Back to the Future?

Posted on: 04/21/2014, by :

Last week’s announcement that Zebra Technologies had agreed to purchase the Motorola Solutions Enterprise Business was greeted by nearly everyone in the industry as a positive. Under Motorola’s leadership, the former “Symbol Technologies” business of scanners and handhelds had grown increasingly stale. Most surprising to industry old timers like myself, was market share gain in retail point of sale scanning market made by Datalogic and Honeywell in the last few years. The fact of the matter, though, is that the competition was simply making better scanners.

The same was becoming true in the rugged mobile computer space. Too many of Motorola’s legacy products had become technologically inferior and aesthetically obsolete. Other than half-hearted refreshes of the existing line, new products were almost non-existent. It had become clear that Motorola did not either understand or embrace the traditional mobility business space.

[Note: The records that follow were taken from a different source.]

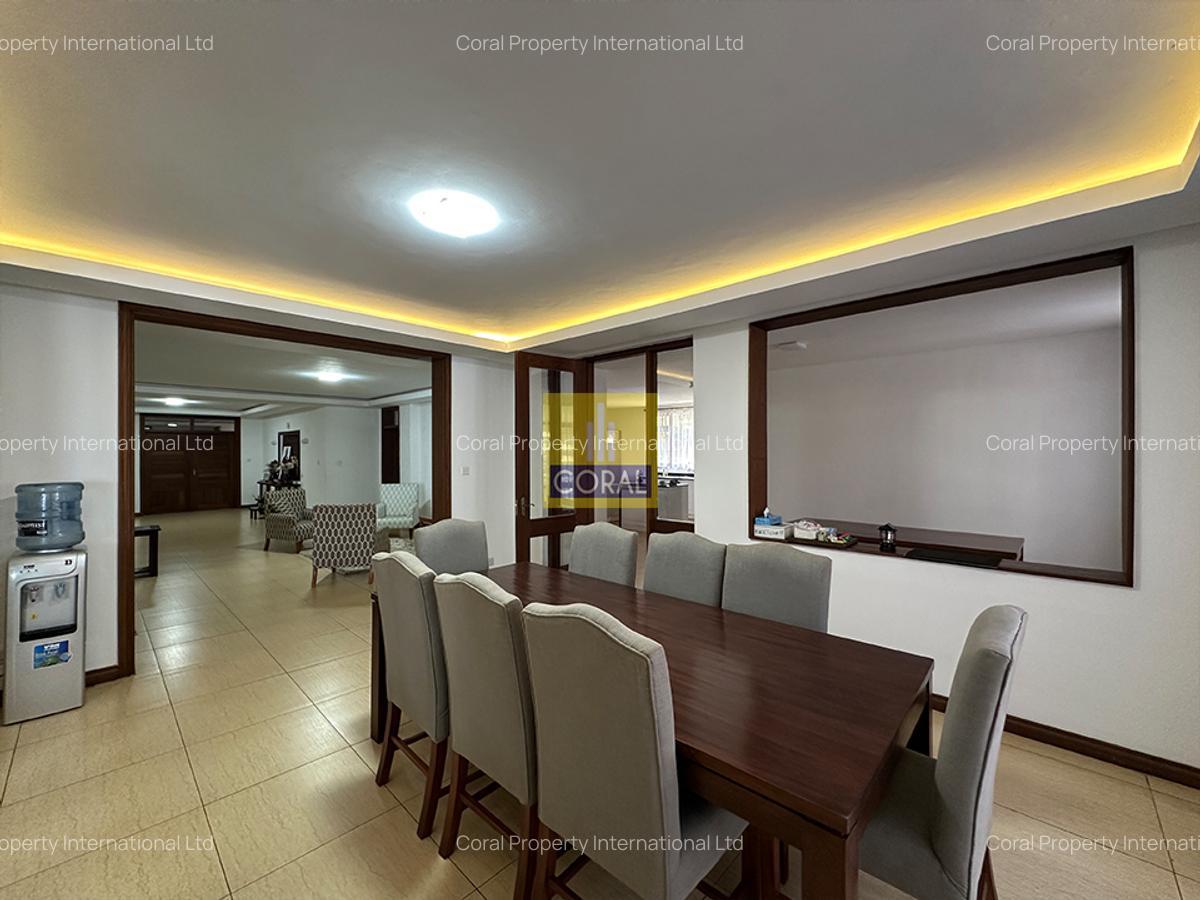 4 Bed Apartment in Riverside - 5
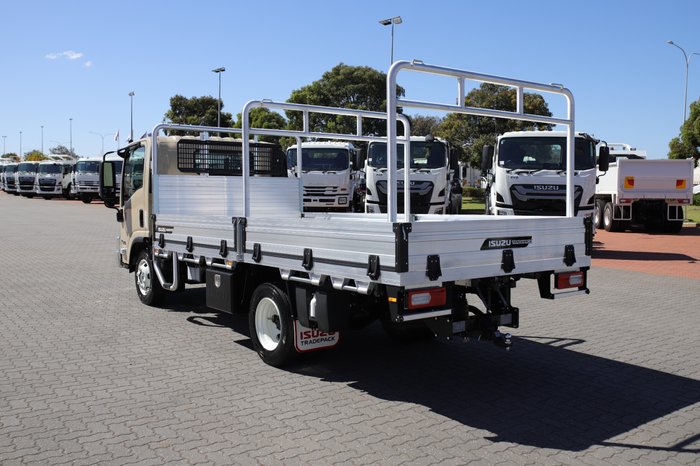 2026 Isuzu Trucks NPR 45/65-175  DT D34 Trade Pack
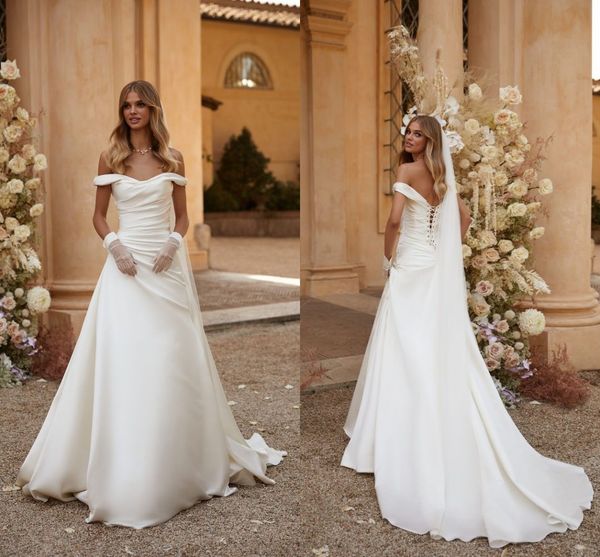 Abiti da sposa taglie forti A Line Beach Bohemian Off spalla pieghe drappeggiate Lace Up Garden Sweep Train Abiti da sposa Vestidos De Novia Custom MN018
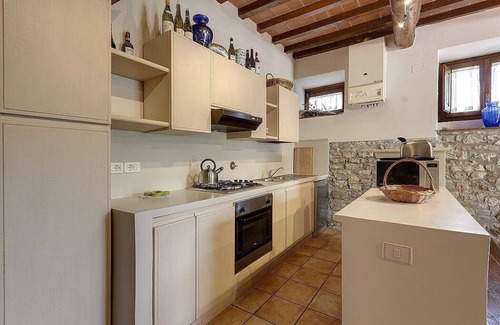 Pontassieve House | Casa Camomilla D: A characteristic and welcoming one-story independent house surrounded by meadows and by green hills, with Free WI-FI.
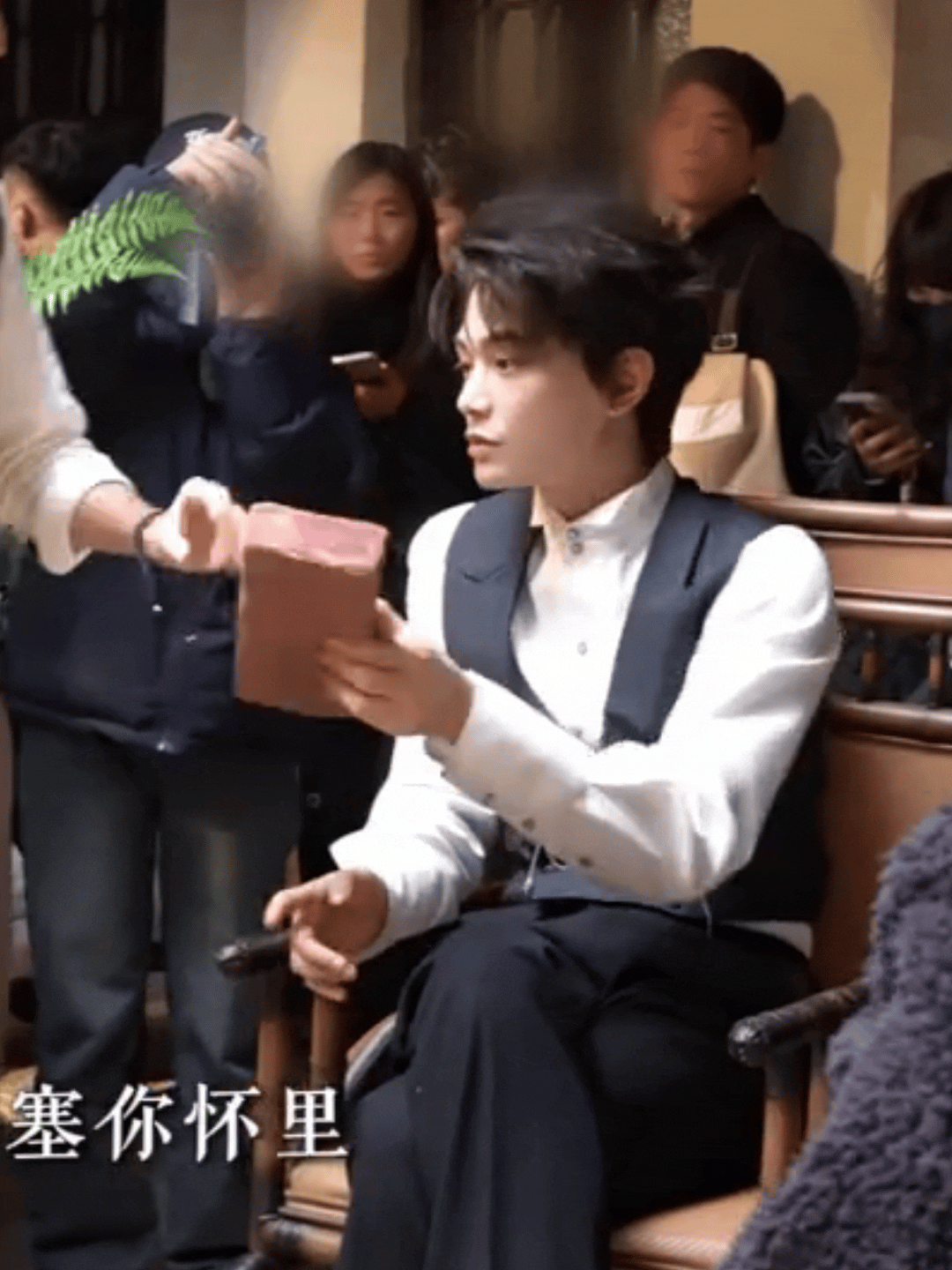 小瘸子这么性感的坐姿 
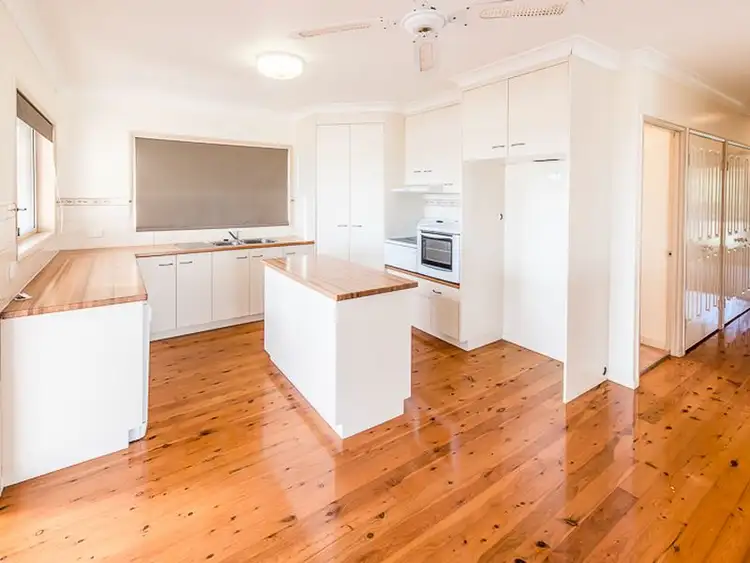 Sixth view of Homely house listing, 16 Hilltop Avenue, Qunaba QLD 4670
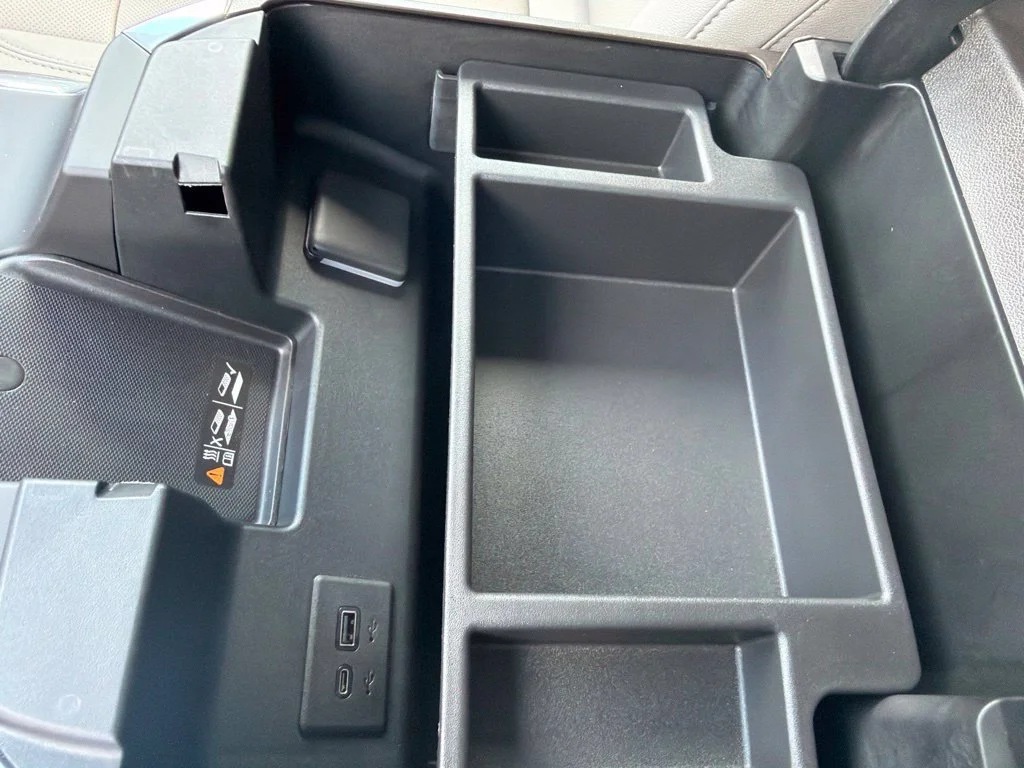 New 2026 Onyx Black GMC SLT image 31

So what will new ownership bring?

First of all, combining the two companies will be an immense challenge.  This is, after all, a $1,000,000,000.00 company with 2,600 employees attempting to swallow a $2,700,000,000.00 company with 4,600 employees. Secondly, there is a huge gap between selling bar code printers and supplies and becoming an “industry leader in enterprise asset intelligence for the Connected Age”.  The product mix of the new Zebra will be extensive and complicated. Finding the right mix of go to market partners will be crucial. Also of concern: nearly the full acquisition cost will be financed.

Where will the money come from for the greatly needed product refresh?

The return of the Symbol brand is widely anticipated in the industry. However, it will be interesting to see how what the culture of the new company will be. A return to the ‘glory days’ of bar coding and data collection is simply not going to cut it. Hopefully, the Zebra/Symbol of the future looks like something we have never seen.